Contract lifecycle management provider Juro announced today (28 August) that it has signed a partnership with contract review and AI agent startup Wordsmith. Through the collaboration, Juro’s 550+ clients will gain access to Wordsmith as part of their core workflows and Wordsmith’s clients will be able to leverage Juro’s tools via a model context protocol (MCP) integration.
MCP is an open standard created by Anthropic last year that enables developers to build two-way connections between their data sources and AI tools.
While Juro has many inbound integrations already, this is the first MCP integration for 2016-founded company, and speaking to Legal IT Insider, CEO and co-founder Richard Mabey said: “There are two significant things about MCP. One is that the extent to which you can control products is greater than via a traditional integration: with MCP you can control the entirety of the product from a different interface.”

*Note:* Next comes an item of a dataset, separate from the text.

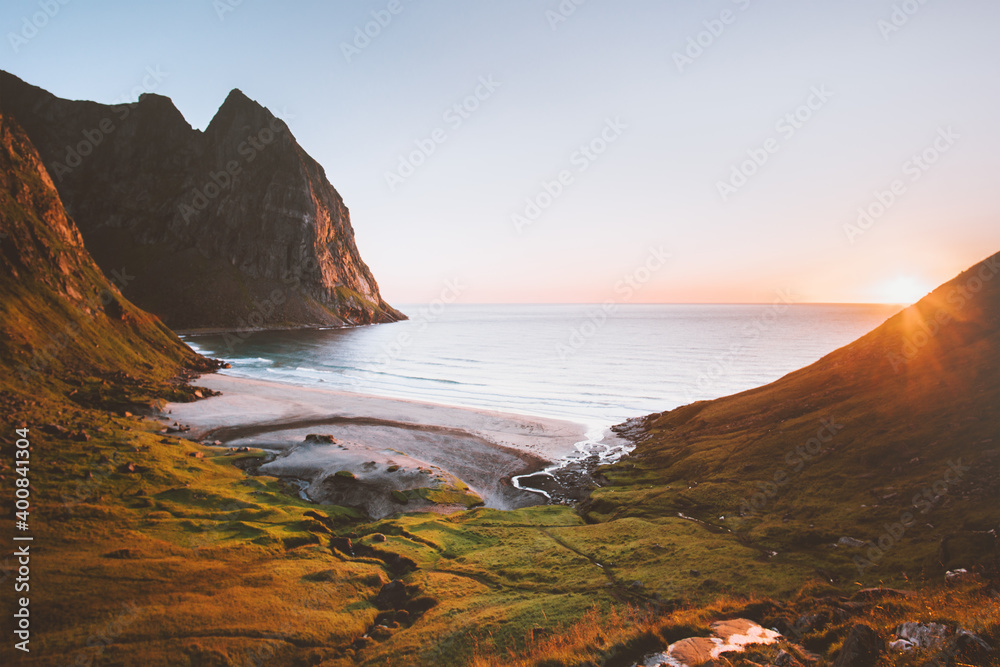 挪威罗弗敦群岛Kvalvika海滩日落景观自然鸟瞰海洋和岩石美景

Juro is piloting a connection with ChatGPT and while this is not yet publicly released, Mabey said by way of illustration: “You can put what you need in ChatGPT and get a contract from Juro.”
Mabey says that the second thing that’s significant is the openness of MCP, commenting: “In legal tech and tech generally, a lot of companies have a strategy that you do all your work in their platform. We’re agnostic on where you want to work. If you want to work in Word or Salesforce or another legal tech tool that’s complementary or adjacent, we’re trying to be agnostic and MCP facilitates that.”

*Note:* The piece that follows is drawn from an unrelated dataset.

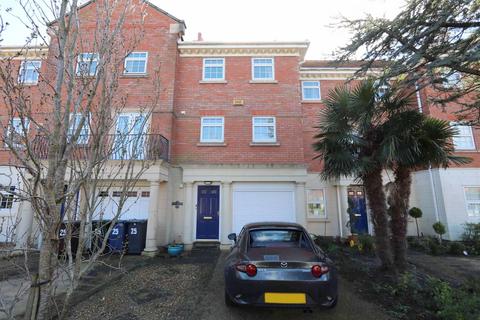 3 bedroom townhouse for sale, Woodvale Court, Southport PR9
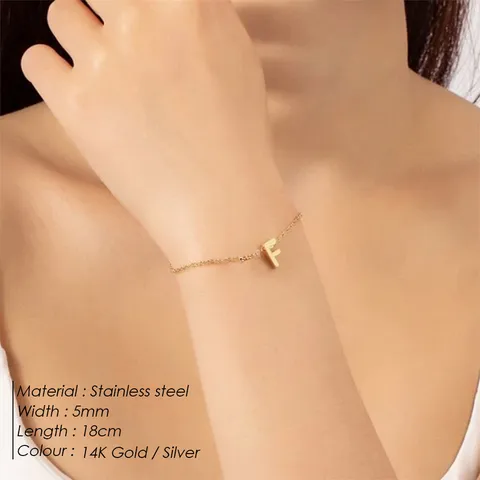 Bracelet Initial en Lettre en Acier Inoxydable pour Femmes Or et Couleur Acier Bracelet à Breloques Alphabet Personnalisé Bijoux de Mode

He adds: “There’s so much convergence now in legal tech tools we don’t mind if you want to work in Juro or Salesforce, it’s just about how we can help you.”
In-house teams are increasingly using large language models such as Claude or ChatGPT under an enterprise license and it will be interesting to see what comes out of the ChatGPT pilot, with further announcements from Juro expected in this space.
MCP is a fast-developing area in legal. At Rio Tinto, digital transformation lead Christopher de Waas in June announced that the mining corporation had successfully tested an integration between ChatGPT Enterprise and iManage using MCP. iManage subsequently announced support for MCP, enabling compatible AI applications to connect to its Cloud without vendor-specific integrations.